Enabling and Debugging Sitecore 9.1.1 Experience Analytics in Azure PaaS

Enabling Sitecore Analytics

Sitecore xConnect is a crucial interface needed to level up the overall marketing and ultimately site experience. It’s a service layer that sits in between the xDB Collection database, xDB index and client, that lets marketers focus on the right customer data, put it all in one place to analyze and get to market faster. However, setting up xConnect in Sitecore 9.1.1 (rev. 002459) hosted in Azure PaaS could be daunting task, especially when met by errors like when the Experience Analytics not showing any result.

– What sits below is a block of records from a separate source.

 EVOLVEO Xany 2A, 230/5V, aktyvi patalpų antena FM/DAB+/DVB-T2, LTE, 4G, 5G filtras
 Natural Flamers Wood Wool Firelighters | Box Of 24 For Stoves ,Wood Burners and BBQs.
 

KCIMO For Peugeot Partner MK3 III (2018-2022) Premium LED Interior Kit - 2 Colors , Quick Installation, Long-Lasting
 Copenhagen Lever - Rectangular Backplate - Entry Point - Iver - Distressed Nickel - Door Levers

The steps done during the collaboration with Sitecore Support are documented here to preserve the debugging journey.

I referred to this Sitecore documentation to enable xDB and Tracker.

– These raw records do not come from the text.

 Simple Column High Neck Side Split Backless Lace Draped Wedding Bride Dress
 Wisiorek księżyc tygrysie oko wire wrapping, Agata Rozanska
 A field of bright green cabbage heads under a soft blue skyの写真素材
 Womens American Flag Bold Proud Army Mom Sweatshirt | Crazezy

Also it’s worth mentioning that the xDB features will work well and are allowed by the other Sitecore roles, only when a valid license has been set in place in the following Azure App Services, usually under the /App_Data folder:

  • Content Management (*-cm)
  • Content Delivery (*-cd)
  • Cortex Processing
  • Cortex Reporting
  • Marketing Automation Operations (*-ma-ops)
  • Marketing Automation Reporting (*-ma-rep)
  • xDB Processing (*-prc)
  • xDB Reporting (*-rep)
  • Sitecore Identity (*-si) – under /sitecoreruntime folder
  • xConnect Collection (*-xc-collect)
  • xConnect Reference Data (*-xc-refdata)
  • xConnect Search (*-xc-search) – aside from App_Data, ensure to check if there is license.xml here too: App_Data/jobs/continuous/IndexWorker/App_data

Having done all these things, when I checked my Experience Analytics panel in Sitecore, I still got no results:

No interaction results from Experience Analytics

Debugging Sitecore Analytics:

1. Investigate the Reporting Database Shard

First thing to remember here is that the Sitecore Analytics report found in the Experience Analytics DOES NOT use the Solr Index, instead it uses the aggregated data in SQL, so things like the Anonymous and Known Contact data and interactions are collected like raw records stored in the Reporting Database Shards.

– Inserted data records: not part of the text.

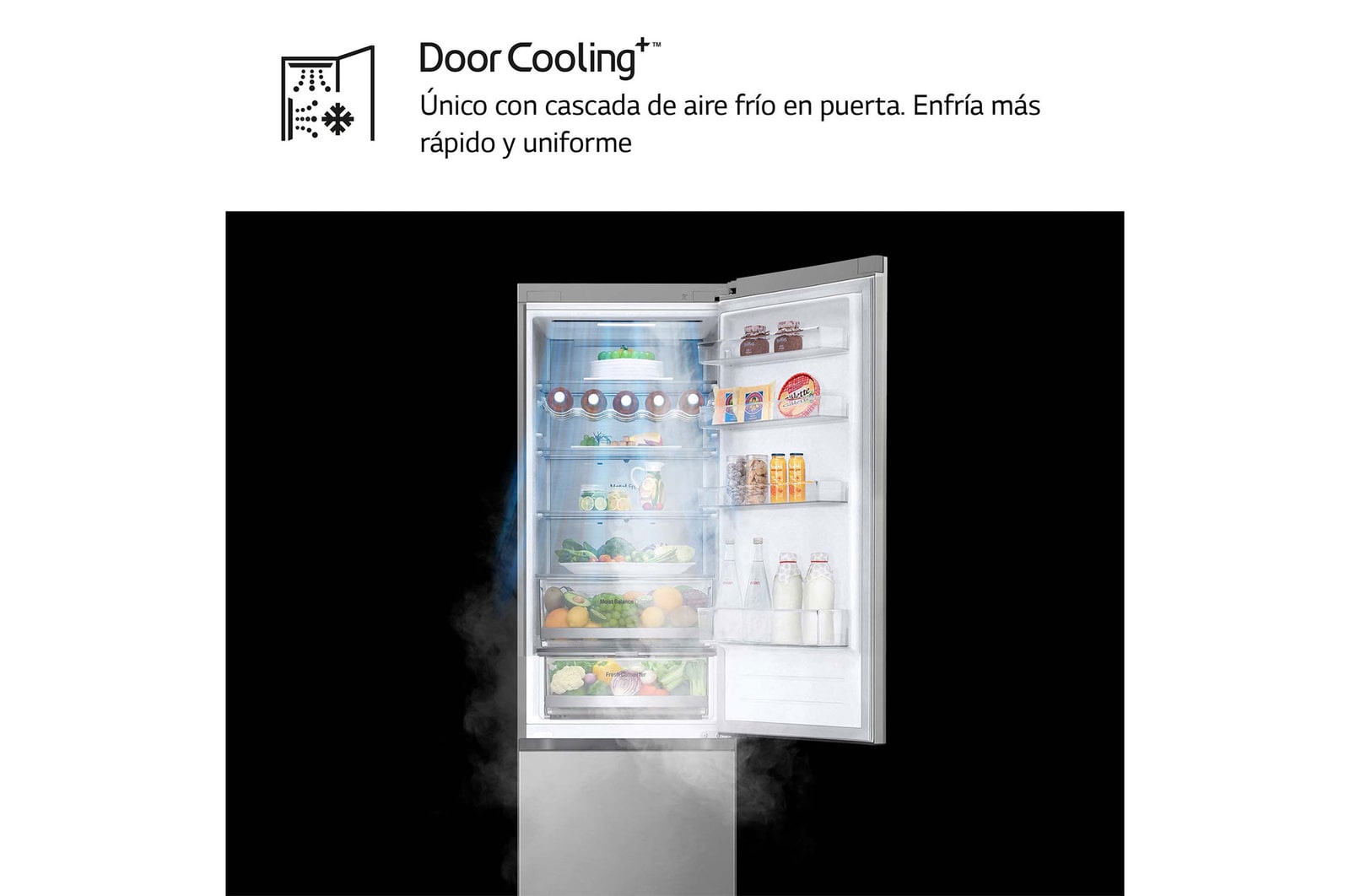 LG Frigorífico Combi Door Cooling+, 2,03m, Clasificación D, capacidad de 419l, blanco. Serie 500, GBV5250EPY, GBV5250EPY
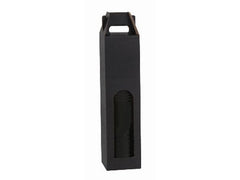 Brieger | Tragverpackung für Wein | 1 Flasche, 8.2 x 8.2 x 3.3 cm, schwarz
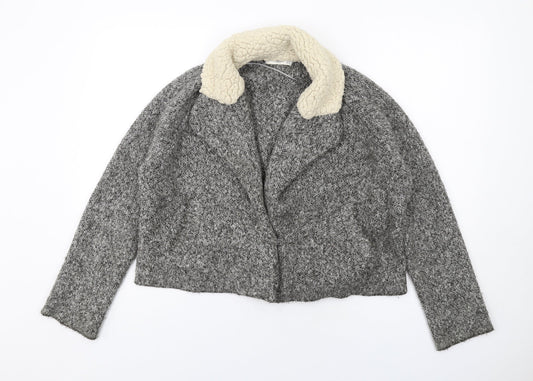 Mango Womens Grey Geometric Jacket Size M Snap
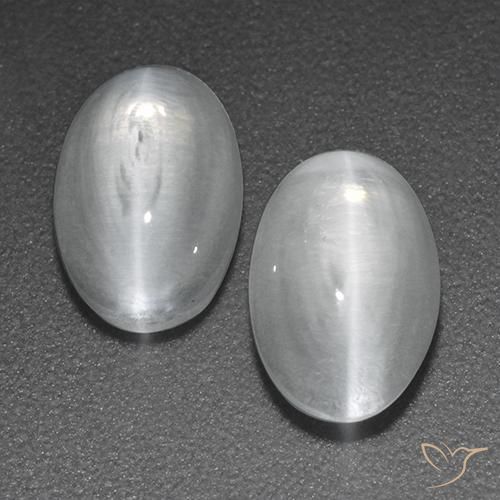 2.41 ct natürliche Weiß Sillimanit-Katzenauge-Edelsteine, Oval, Transparent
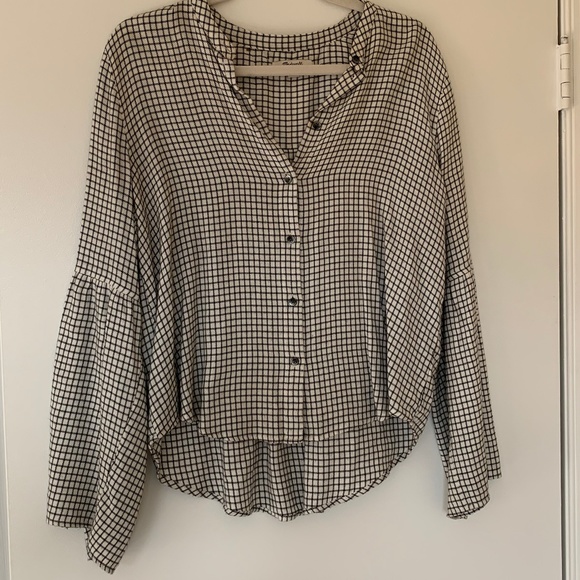 Madewell Checkered Bell Sleeved Blouse - Picture 1 of 4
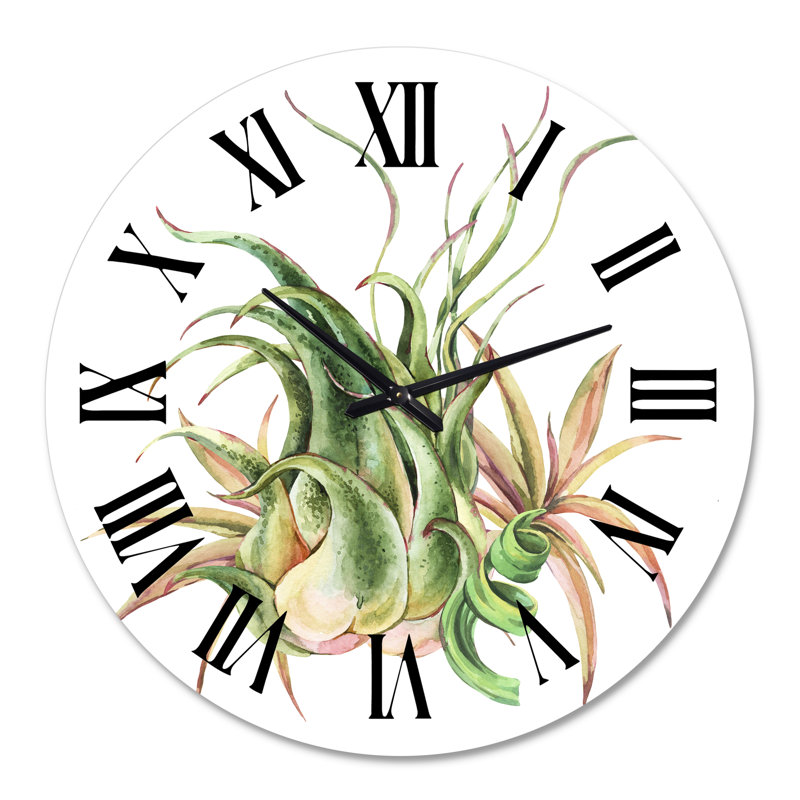 Tropical Leaves Air Plant Succulent - Farmhouse Wall Clock, 36" H x 36" W x 1" D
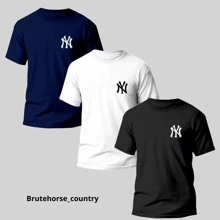 Kit 3 Printed Men's T-Shirts NY Shirt 100% Cotton Unisex - 紅色和黑色 - 查看 2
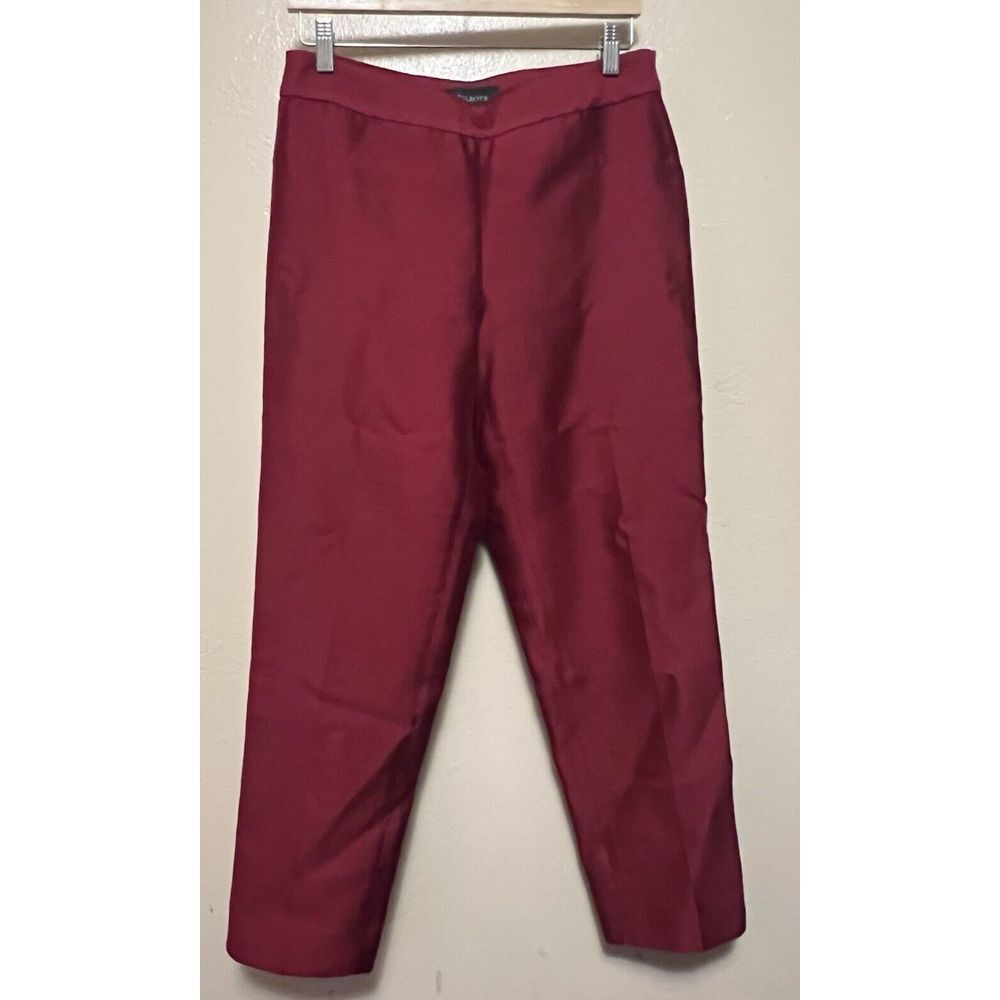 Talbots Silk Blend Chatham Ankle Pants Cranberry Red Party Cocktail Holiday Sz 6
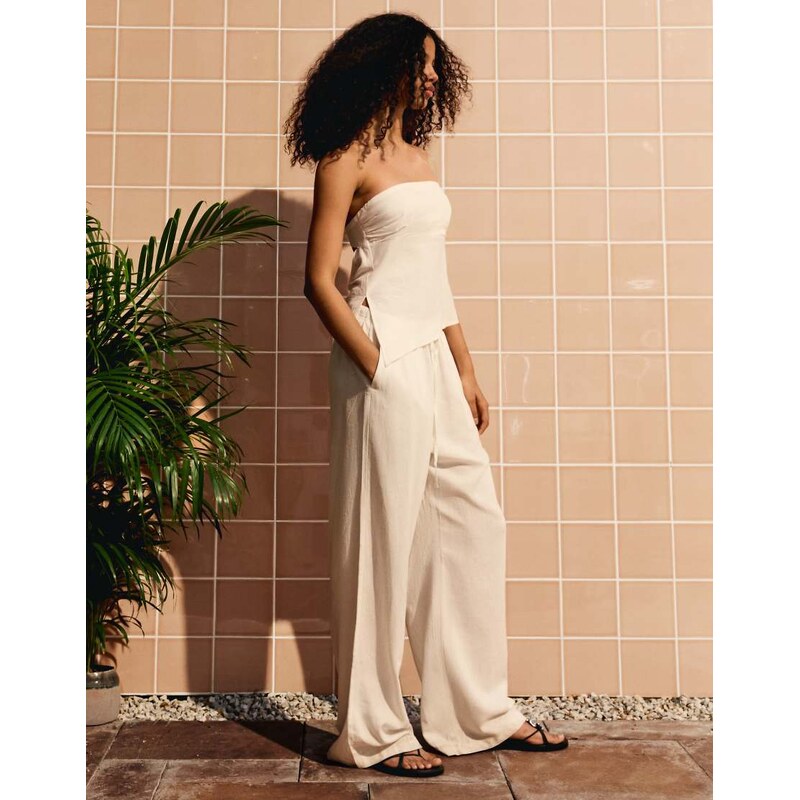 Bershka linen blend bandeau top in white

  • Get the xDB database credentials by opening any xConnect App Service (*-xc-collect, *-xc-refdata or *-xc-search) and find which xDB the App is connecting to. I used the connection string named “collection” from xConnect Collection App Service and copied the credentials, as masked below. Additionally, if credentials are missing, double check if they are defined in the App_config/include config patches.
xDB Collection database connection string
  • Copy the database credentials, open SSMS and connect.
SSMS new connection to a Database Engine

Depending on the setup, some kind of an Azure rule may appear like below image. Sign in using your Azure account, then as for the firewall rule, just tick the “Add my client IP address” radio.

Firewall validation
  • Once you are in, expand either Shard 0 or Shard 1 database and navigate to the xdb_collection.Interaction table. I initially checked it at Shard 0.
xDB Collection Interaction table at Shard 0
  • Check if data is being submitted by selecting the top 1000 rows of the table and filtering it by Created date of more than the desired date.
Filter Interactions table by Created
  • Since we are getting zero results from it, we wanted to check if xDB and Tracking were really enabled in the first place.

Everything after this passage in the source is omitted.